**Collected material**

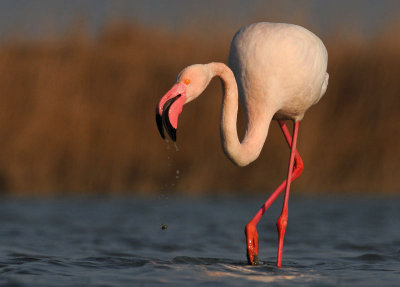 euro-flamingo-3.jpg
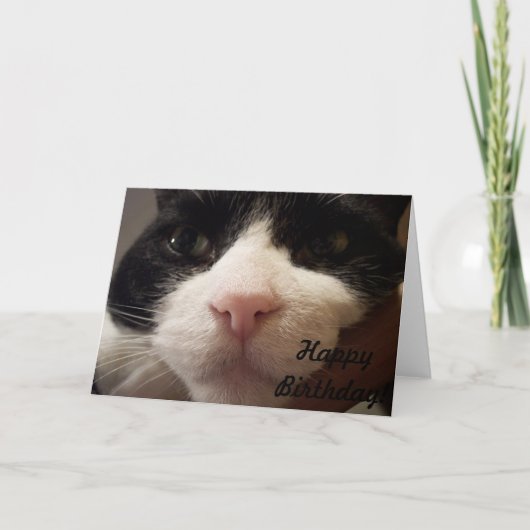 Carte Me voici : Joyeux anniversaire (Carte avec chat) (Devant)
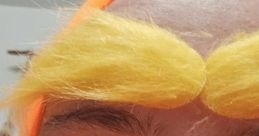 Taylor The Lorax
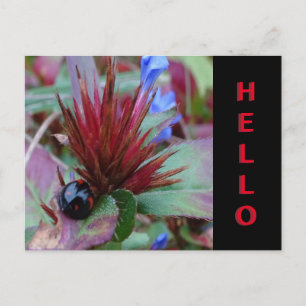 Niedliche Ladybug Cust. Text-HELLO-Postkarte Postkarte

**Directions**
Print the material exactly as given, but not the pictures.

**Answer**
 euro-flamingo-3.jpg
 Carte Me voici : Joyeux anniversaire (Carte avec chat) (Devant)
 Taylor The Lorax
 Niedliche Ladybug Cust. Text-HELLO-Postkarte Postkarte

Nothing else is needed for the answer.